> _Prompt_:
Below are some records. Return exactly the lines from the one with "Foil Shaver Mini" to the one with "dohojeny cerny turmalin", and nothing else.

** Material to process follows **

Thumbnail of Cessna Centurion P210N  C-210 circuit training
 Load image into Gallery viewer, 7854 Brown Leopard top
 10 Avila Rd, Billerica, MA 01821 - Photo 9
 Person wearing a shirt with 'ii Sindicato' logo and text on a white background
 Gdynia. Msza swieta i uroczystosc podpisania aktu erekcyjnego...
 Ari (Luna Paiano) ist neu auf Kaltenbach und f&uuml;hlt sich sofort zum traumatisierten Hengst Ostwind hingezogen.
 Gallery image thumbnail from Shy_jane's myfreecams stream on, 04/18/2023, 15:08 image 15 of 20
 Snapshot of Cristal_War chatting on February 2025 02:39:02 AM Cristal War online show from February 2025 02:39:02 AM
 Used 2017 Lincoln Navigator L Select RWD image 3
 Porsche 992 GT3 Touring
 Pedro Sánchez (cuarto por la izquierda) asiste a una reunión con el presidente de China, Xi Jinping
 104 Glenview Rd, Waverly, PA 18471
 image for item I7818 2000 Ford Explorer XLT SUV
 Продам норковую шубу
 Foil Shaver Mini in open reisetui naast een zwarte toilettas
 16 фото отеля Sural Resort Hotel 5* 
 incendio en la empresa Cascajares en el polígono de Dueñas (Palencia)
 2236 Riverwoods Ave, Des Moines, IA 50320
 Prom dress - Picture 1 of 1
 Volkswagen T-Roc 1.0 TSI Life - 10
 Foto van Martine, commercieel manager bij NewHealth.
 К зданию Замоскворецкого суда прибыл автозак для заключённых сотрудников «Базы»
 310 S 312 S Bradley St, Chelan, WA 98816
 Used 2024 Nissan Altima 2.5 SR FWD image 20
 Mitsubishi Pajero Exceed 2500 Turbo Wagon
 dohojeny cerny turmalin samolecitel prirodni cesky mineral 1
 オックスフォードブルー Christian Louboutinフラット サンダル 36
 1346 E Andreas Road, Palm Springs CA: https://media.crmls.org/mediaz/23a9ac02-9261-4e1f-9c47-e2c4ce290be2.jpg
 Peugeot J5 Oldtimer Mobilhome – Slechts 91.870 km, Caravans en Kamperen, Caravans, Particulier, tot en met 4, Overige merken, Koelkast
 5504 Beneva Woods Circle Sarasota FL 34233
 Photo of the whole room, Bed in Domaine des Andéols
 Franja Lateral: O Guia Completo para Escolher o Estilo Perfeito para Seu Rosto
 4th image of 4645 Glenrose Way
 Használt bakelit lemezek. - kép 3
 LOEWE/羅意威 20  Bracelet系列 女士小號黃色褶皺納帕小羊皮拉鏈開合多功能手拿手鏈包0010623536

** End of Material to process **

> _Exercise answer_:
 Foil Shaver Mini in open reisetui naast een zwarte toilettas
 16 фото отеля Sural Resort Hotel 5* 
 incendio en la empresa Cascajares en el polígono de Dueñas (Palencia)
 2236 Riverwoods Ave, Des Moines, IA 50320
 Prom dress - Picture 1 of 1
 Volkswagen T-Roc 1.0 TSI Life - 10
 Foto van Martine, commercieel manager bij NewHealth.
 К зданию Замоскворецкого суда прибыл автозак для заключённых сотрудников «Базы»
 310 S 312 S Bradley St, Chelan, WA 98816
 Used 2024 Nissan Altima 2.5 SR FWD image 20
 Mitsubishi Pajero Exceed 2500 Turbo Wagon
 dohojeny cerny turmalin samolecitel prirodni cesky mineral 1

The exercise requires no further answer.